══ DATASET CONTENT ══
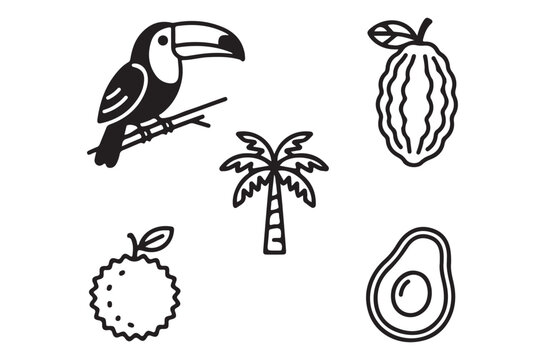 Tropical fruits toucan and palm tree in a simple black and white illustration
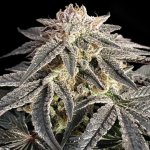 Advanced Seeds Permanent Marker semena neobsahují THC 1 ks – Hledejceny.cz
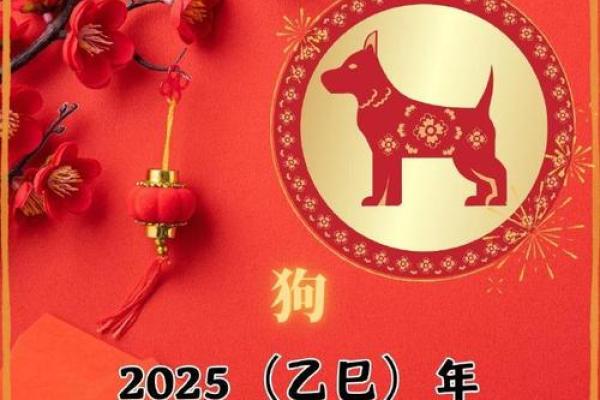 1982年狗女2025年运势_82年女狗2025年运势 1982年狗女2025年运势_82年女狗2025年运势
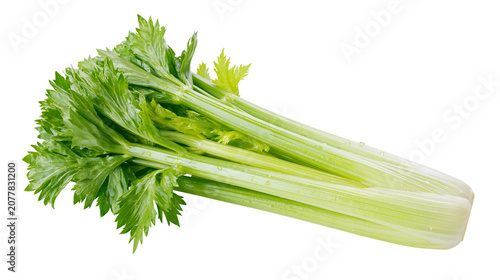 Canvastavla Fresh green celery stalks with leaves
═══
→ YOUR TASK: No pictures go in the copy. Set down all the data exactly.

→ EXERCISE SOLUTION:
 Tropical fruits toucan and palm tree in a simple black and white illustration
 Advanced Seeds Permanent Marker semena neobsahují THC 1 ks – Hledejceny.cz
 1982年狗女2025年运势_82年女狗2025年运势 1982年狗女2025年运势_82年女狗2025年运势
 Canvastavla Fresh green celery stalks with leaves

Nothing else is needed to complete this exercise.